- **To do**
Write every line below out again, exactly as given, but leave out the pictures.

- **Dataset excerpts**

■ ■ ■ ■ ■ ■ ■

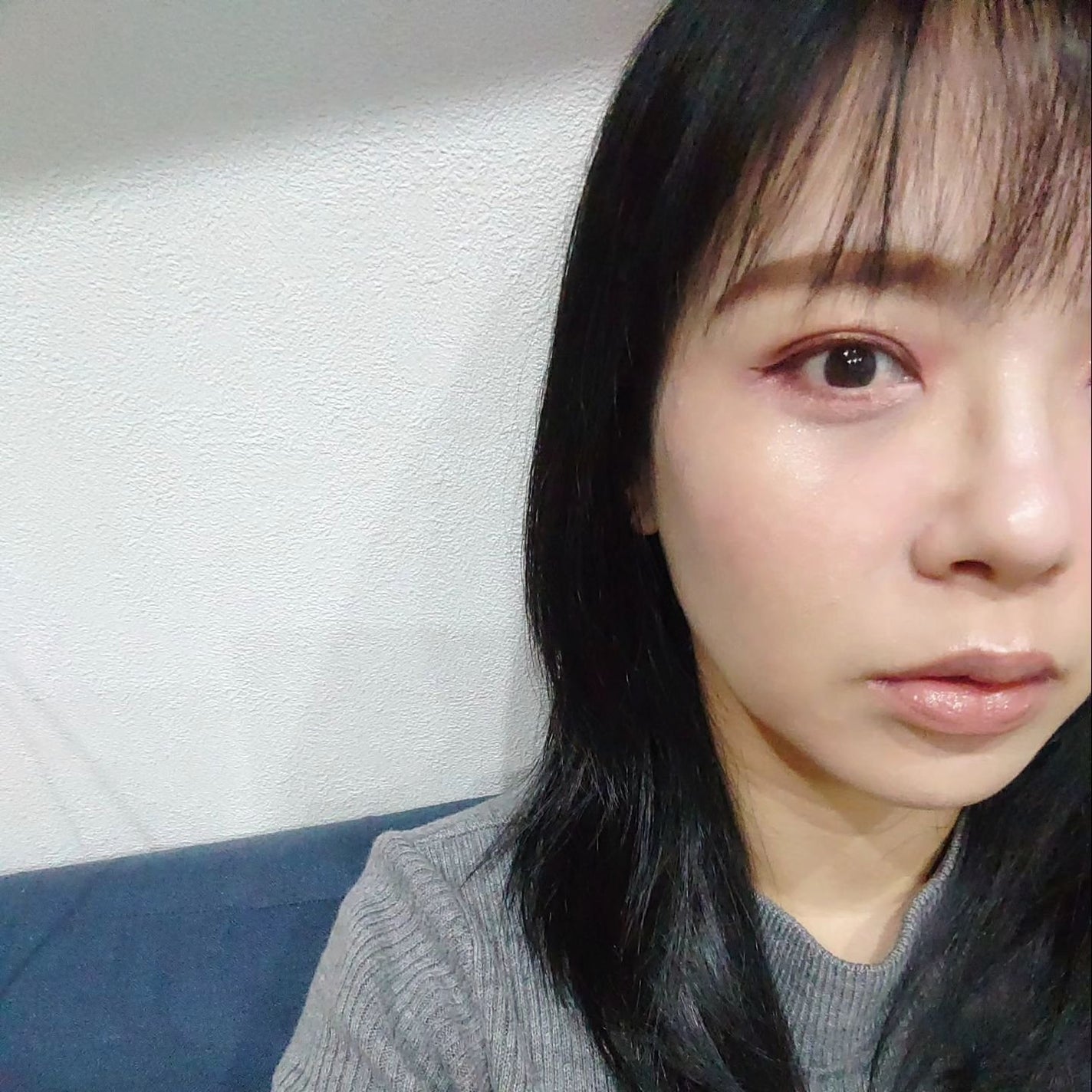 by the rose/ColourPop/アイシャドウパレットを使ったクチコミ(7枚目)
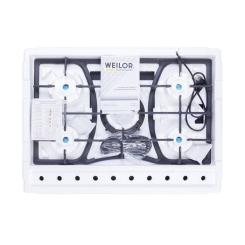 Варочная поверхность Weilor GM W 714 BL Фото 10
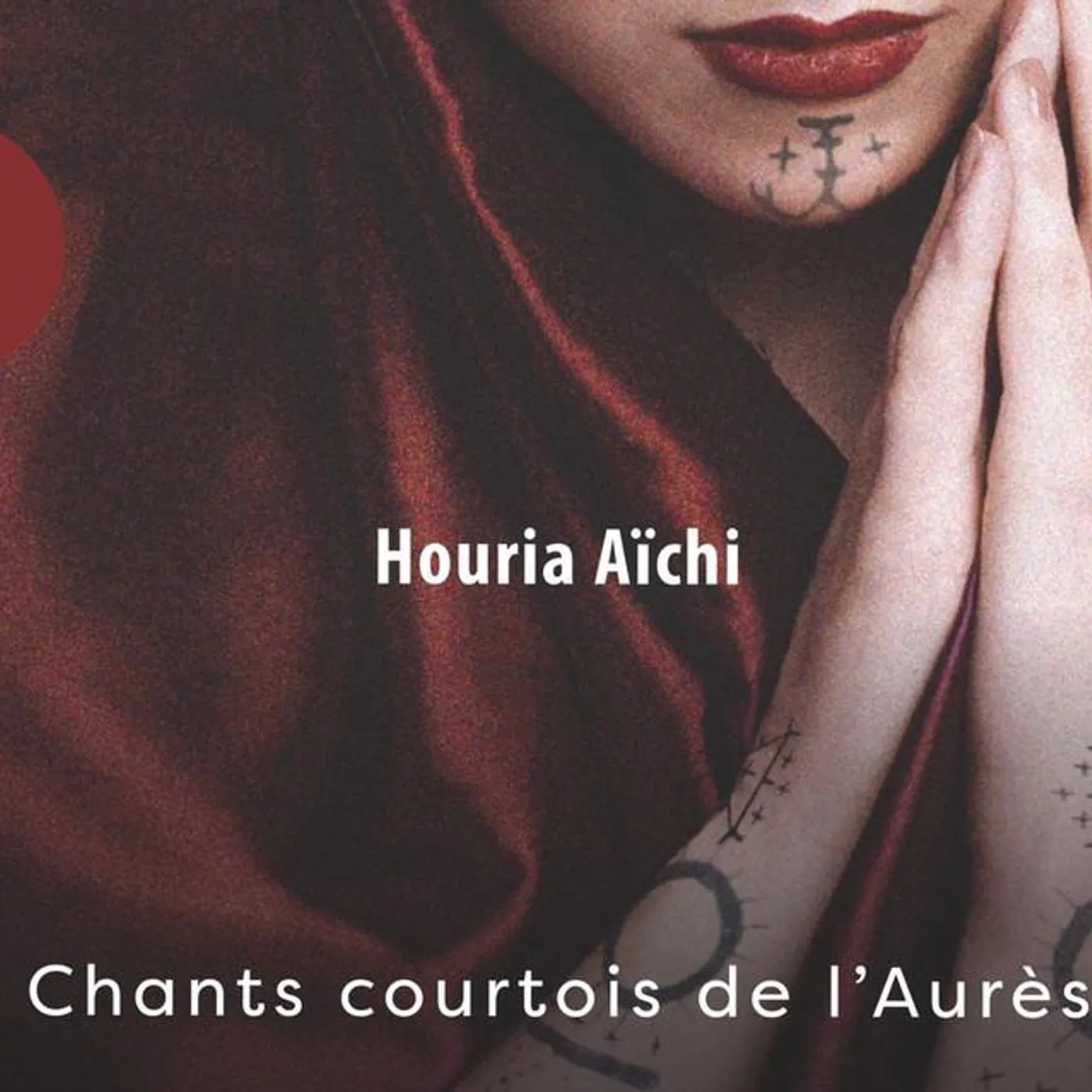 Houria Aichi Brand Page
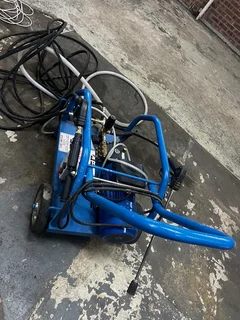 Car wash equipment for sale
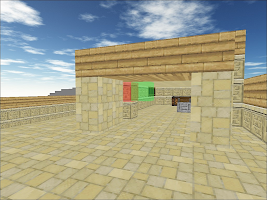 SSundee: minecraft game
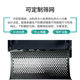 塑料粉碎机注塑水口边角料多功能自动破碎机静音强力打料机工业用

■ ■ ■ ■ ■ ■ ■

- **Response to the exercise**
 by the rose/ColourPop/アイシャドウパレットを使ったクチコミ(7枚目)
 Варочная поверхность Weilor GM W 714 BL Фото 10
 Houria Aichi Brand Page
 Car wash equipment for sale
 SSundee: minecraft game
 塑料粉碎机注塑水口边角料多功能自动破碎机静音强力打料机工业用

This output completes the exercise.